LinearChainCRF

APIs

class pyis.python.ops.LinearChainCRF(self: ops.LinearChainCRF, model_file: str) None

A linear chain conditional random field(CRF) implementation.

Create a LinearChainCRF object given the model file.

Parameters

model_file (str) – The model file.

predict(self: ops.LinearChainCRF, len: int, features: List[Tuple[int, int, float]]) List[int]

Given a list of features triggered by the input sample, return the label for each token of the input.

Parameters
  • len (int) – token number of the input.

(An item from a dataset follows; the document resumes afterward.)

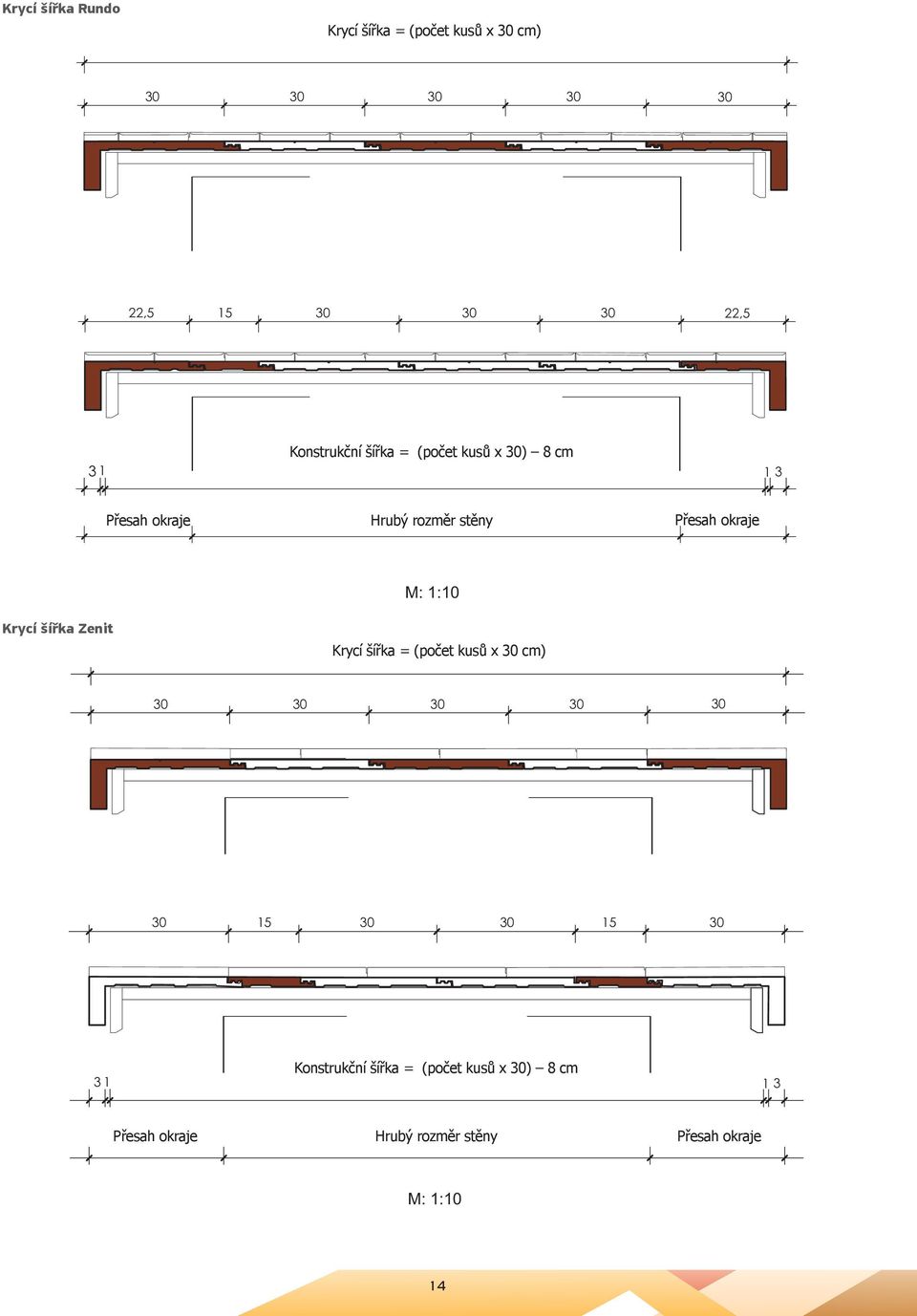 Krycí šířka Zenit M: 1:10 Krycí šířka = (počet kusů x 30 cm) 30 30 30 30 30 30 15 30 30 15 30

  • features (List[Tuple[int, int, float]]) – List of features, each is represented by a tuple of (token index, feature id, feature value).

Returns

List of labels.

static train(data_file: str, model_file: str, alg: str = 'l1sgd', max_iter: int = 150) None

Train a crf model.

Parameters

Example

# Copyright (c) Microsoft Corporation. All rights reserved.
# Licensed under the MIT license.

import os
from pyis.python import ops
from pyis.python.offline import SequenceTagging as SeqTag

tmp_dir = 'tmp/doc_linear_chain_crf/'
os.makedirs(tmp_dir, exist_ok=True)

# training
xs = [
        [ops.TextFeature(0, 1.0, 0, 0), ops.TextFeature(1, 1.0, 1, 1)], # hello tom
        [ops.TextFeature(0, 1.0, 0, 0), ops.TextFeature(2, 1.0, 1, 1)], # hello jerry
    ]
ys = [
        [0, 1], # O NAME
        [0, 1], # O NAME
    ]

data_file = os.path.join(tmp_dir, 'lccrf.data.txt')
SeqTag.text_features_to_lccrf(xs, ys, data_file)

model_file = os.path.join(tmp_dir, 'lccrf.model.bin')
ops.LinearChainCRF.train(data_file, model_file, 'l1sgd')
lccrf = ops.LinearChainCRF(model_file)

# inference
values = lccrf.predict(2, [(0, 0, 1.0), (1, 1, 1.0)]) # hello tom
print(values)